Quick Start Tutorial

Basic Workflow

Pioneer performs three major steps:

  1. Convert vendor MS files into the Arrow format using PioneerConverter.
  2. Build in silico spectral libraries using FASTA files and the Koina server.
  3. Search DIA experiments using a spectral library and the MS data files.

Pioneer Converter

Pioneer operates on MS/MS data stored in the Apache Arrow IPC format. Use the bundled PioneerConverter via the CLI to convert Thermo RAW files:

pioneer convert-raw /path/to/raw/or/folder

This subcommand accepts either a single .raw file or a directory of files. See the PioneerConverter repository for additional options such as thread count and output paths.

MzML to Arrow IPC (Sciex)

For mzML-formatted data, use:

pioneer convert-mzml /path/to/mzml/or/folder

Starting Pioneer

After installation, Pioneer is accessed from the command line. Running pioneer --help displays available subcommands:

pioneer [options] <subcommand> [subcommand-args...]

Subcommands include search, predict, params-search, params-predict, convert-raw, and convert-mzml. The first launch may download dependencies on Windows or Linux, while macOS performs a one-time Gatekeeper check.

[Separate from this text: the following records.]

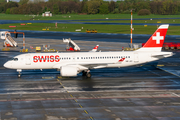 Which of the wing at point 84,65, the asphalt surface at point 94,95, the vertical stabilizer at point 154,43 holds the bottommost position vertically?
the asphalt surface at point 94,95

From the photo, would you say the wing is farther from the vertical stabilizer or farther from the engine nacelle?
the vertical stabilizer

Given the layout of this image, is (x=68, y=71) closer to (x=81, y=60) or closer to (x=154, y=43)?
(x=81, y=60)

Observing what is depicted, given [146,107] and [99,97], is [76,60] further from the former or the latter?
[146,107]

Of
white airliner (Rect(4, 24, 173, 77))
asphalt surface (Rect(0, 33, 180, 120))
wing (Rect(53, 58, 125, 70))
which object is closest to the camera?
asphalt surface (Rect(0, 33, 180, 120))

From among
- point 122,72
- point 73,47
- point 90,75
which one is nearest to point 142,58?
point 122,72

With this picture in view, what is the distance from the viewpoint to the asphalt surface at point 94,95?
28.3 m

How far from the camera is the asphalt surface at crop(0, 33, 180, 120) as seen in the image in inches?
1116

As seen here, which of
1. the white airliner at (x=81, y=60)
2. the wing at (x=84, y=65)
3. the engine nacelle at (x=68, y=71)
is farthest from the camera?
the white airliner at (x=81, y=60)

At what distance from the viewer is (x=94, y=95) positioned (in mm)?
35219

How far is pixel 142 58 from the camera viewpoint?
151 feet

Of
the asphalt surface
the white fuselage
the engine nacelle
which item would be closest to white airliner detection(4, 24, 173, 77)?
the white fuselage

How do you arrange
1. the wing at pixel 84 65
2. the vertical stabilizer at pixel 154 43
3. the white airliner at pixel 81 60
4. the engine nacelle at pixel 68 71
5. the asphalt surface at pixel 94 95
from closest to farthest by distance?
the asphalt surface at pixel 94 95 < the engine nacelle at pixel 68 71 < the wing at pixel 84 65 < the white airliner at pixel 81 60 < the vertical stabilizer at pixel 154 43

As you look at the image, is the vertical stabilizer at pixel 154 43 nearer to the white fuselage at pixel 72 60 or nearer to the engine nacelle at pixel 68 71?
the white fuselage at pixel 72 60

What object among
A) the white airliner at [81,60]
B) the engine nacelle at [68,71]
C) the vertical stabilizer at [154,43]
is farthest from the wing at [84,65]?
the vertical stabilizer at [154,43] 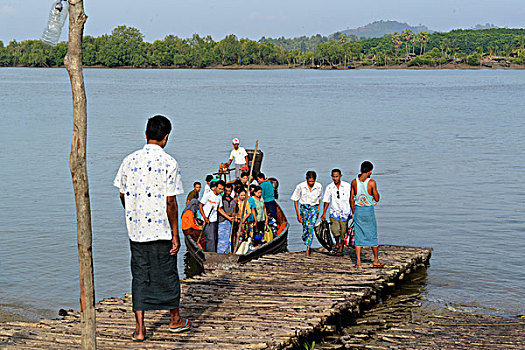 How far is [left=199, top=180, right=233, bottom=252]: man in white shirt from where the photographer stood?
11.5 meters

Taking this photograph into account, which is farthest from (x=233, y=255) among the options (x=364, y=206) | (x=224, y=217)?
(x=364, y=206)

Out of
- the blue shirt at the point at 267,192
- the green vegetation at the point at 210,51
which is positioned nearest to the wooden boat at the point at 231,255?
the blue shirt at the point at 267,192

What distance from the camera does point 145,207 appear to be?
645 centimetres

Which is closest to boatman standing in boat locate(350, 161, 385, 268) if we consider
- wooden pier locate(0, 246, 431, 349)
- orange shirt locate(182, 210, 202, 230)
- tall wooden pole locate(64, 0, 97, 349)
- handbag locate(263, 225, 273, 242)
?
wooden pier locate(0, 246, 431, 349)

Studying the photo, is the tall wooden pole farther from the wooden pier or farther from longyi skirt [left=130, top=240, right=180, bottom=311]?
the wooden pier

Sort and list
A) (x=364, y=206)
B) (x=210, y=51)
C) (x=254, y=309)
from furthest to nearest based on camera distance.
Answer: (x=210, y=51) → (x=364, y=206) → (x=254, y=309)

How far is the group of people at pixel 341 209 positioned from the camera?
33.9 ft

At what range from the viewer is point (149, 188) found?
642cm

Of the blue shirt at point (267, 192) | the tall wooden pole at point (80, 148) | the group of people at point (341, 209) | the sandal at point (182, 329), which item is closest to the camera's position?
the tall wooden pole at point (80, 148)

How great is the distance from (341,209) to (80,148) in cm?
721

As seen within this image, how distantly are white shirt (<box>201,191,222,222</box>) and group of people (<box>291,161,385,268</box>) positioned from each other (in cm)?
134

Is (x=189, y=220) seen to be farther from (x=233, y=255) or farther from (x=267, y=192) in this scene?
(x=267, y=192)

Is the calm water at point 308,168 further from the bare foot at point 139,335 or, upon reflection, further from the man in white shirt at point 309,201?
the bare foot at point 139,335

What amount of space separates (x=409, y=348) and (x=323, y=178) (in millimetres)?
18201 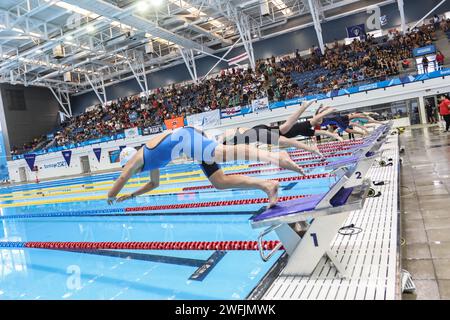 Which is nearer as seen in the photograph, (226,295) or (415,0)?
(226,295)

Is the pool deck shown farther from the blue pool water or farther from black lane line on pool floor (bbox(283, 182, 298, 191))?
A: black lane line on pool floor (bbox(283, 182, 298, 191))

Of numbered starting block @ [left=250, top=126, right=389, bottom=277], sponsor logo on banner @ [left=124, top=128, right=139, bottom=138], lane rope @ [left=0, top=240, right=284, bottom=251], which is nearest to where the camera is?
numbered starting block @ [left=250, top=126, right=389, bottom=277]

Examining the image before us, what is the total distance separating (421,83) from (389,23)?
784 cm

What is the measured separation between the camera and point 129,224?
20.2ft

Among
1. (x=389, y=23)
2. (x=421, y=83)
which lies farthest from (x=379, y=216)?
(x=389, y=23)

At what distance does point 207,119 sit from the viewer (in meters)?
20.9

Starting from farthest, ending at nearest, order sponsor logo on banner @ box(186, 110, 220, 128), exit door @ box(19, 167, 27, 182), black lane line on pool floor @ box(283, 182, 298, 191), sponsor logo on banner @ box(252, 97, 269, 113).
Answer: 1. exit door @ box(19, 167, 27, 182)
2. sponsor logo on banner @ box(186, 110, 220, 128)
3. sponsor logo on banner @ box(252, 97, 269, 113)
4. black lane line on pool floor @ box(283, 182, 298, 191)

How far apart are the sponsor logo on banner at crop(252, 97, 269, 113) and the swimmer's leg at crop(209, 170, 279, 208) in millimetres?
17393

A minimal end-to-end workflow is:

pioneer params-predict lib_dir lib_name fasta_dir --params-path=predict_params.json
pioneer predict predict_params.json
pioneer convert-raw raw_dir
pioneer params-search library.poin ms_data_dir results_dir --params-path=search_params.json
pioneer search search_params.json

This sequence builds a predicted spectral library, converts vendor files to Arrow, generates search parameters, and searches the experiment.

params-predict and params-search create template JSON files. Edit these configurations to suit your experiment before running predict or search. See Parameter Configuration for a description of each option.